Step 3: The sum of pixel intensities inside these focus boxes is computed for each black-blood image with inversion recovery. The lowest sum corresponds to the image with the darkest blood and darkest healthy myocardium signals and the corresponding TI is considered as optimal.
The algorithm was implemented inline in our MRI systems using the Gadgetron framework⁴ for routine clinical use.

Experiments:
Our proposed algorithm was validated on a dataset of 152 patients, never seen by the U-Net, with known ischemic heart disease. Optimal TI values were measured for each patient with the proposed fully-automated algorithm. Thirty focus box sizes, ranging from 2.3mm² to 20.3cm², were tested. Two expert operators provided optimal TI values for each patient and a ground truth consensus was obtained for all data. One expert provided two sets of optimal TI values in two separated sessions.
The agreement between the predicted TI and the ground truth consensus was derived.
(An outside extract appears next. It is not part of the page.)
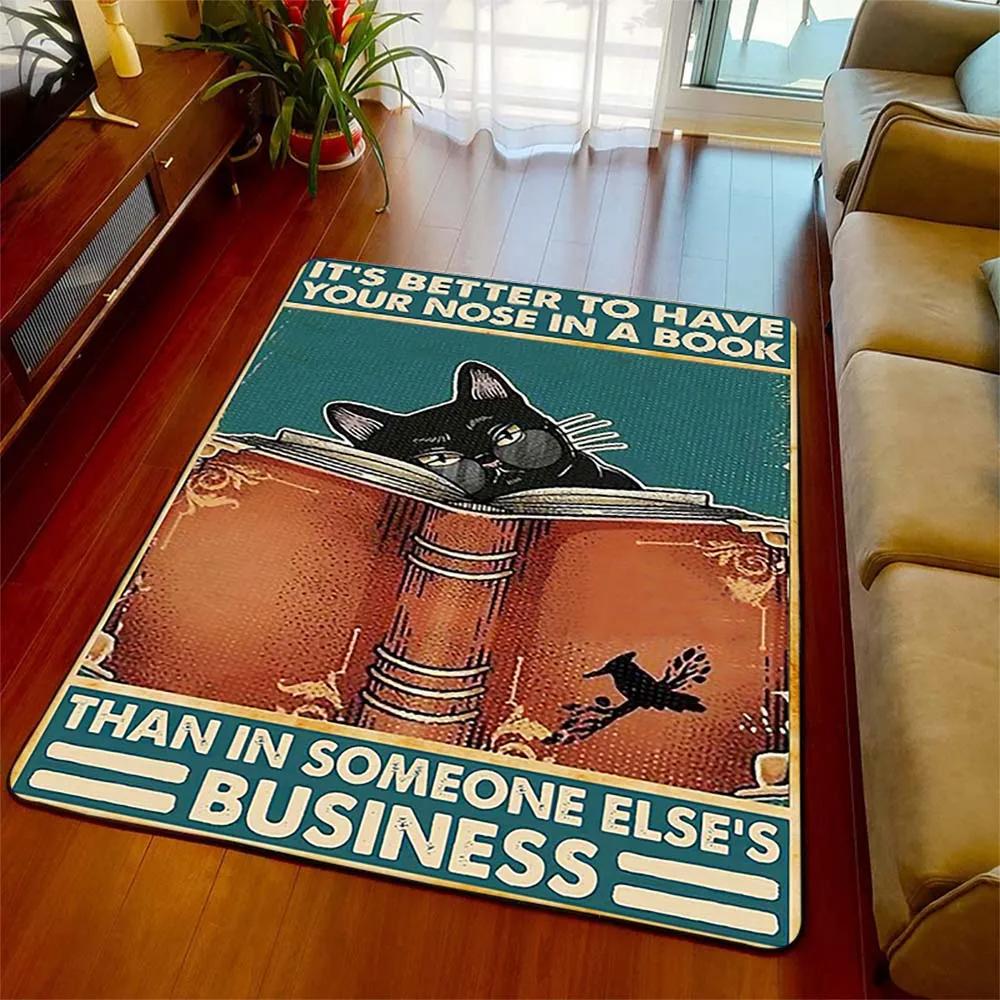 Schwarze Katze Retro Bereichsteppich Teppich Wohnzimmer Heimdeko Sofa Teppich Rutschfest Stuhlkissen Lounge Matte Halloween Hexen Dekoration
Inter- and intra-expert agreements were calculated. Processing times were measured.

Results

The proposed algorithm extracted the TI value in 2.9s per patient (vs. ~20s for the experts). The algorithm reached an agreement of 91.5% (139/152 patients) with a focus box size of 1.8cm² (9 x 9 pixels), assuming that a 10ms difference between the algorithm’s prediction and the ground truth consensus is considered acceptable. The agreement was always above 88% for a focus box size between 1.1cm² and 10.6cm².
In the case where only one ground truth TI value (consensus) is considered per patient, we observed a 47.4% agreement between the ground truth consensus and the predicted TI values (Figure 3). Inter- and intra-expert agreements in TI selection were 61.2% and 67.8%, respectively.
Examples of optimal TI predictions are shown in Figure 4 and Figure 5 for six patients with myocardial infarction.

Conclusion

The proposed algorithm accurately predicted the optimal TI values of joint bright- and black-blood LGE imaging in a fast and fully automated way, thus reducing uncertainties, operator-dependency, and workload inherent to manual TI selection while removing the effects of inter- and intra-expert variability. These results are promising for future clinical use.

Acknowledgements

This research was supported by funding from the French National Research Agency under grant agreements Equipex MUSIC ANR-11-EQPX-0030, ANR-21-CE17-0034-01, Programme d’Investissements d’Avenir ANR-10-IAHU04-LIRYC, and ANR Chaire Professeur Junior and from the European Council under grant agreement ERC n715093. A.B. acknowledges a Lefoulon-Delalande Foundation fellowship administered by the Institute of France.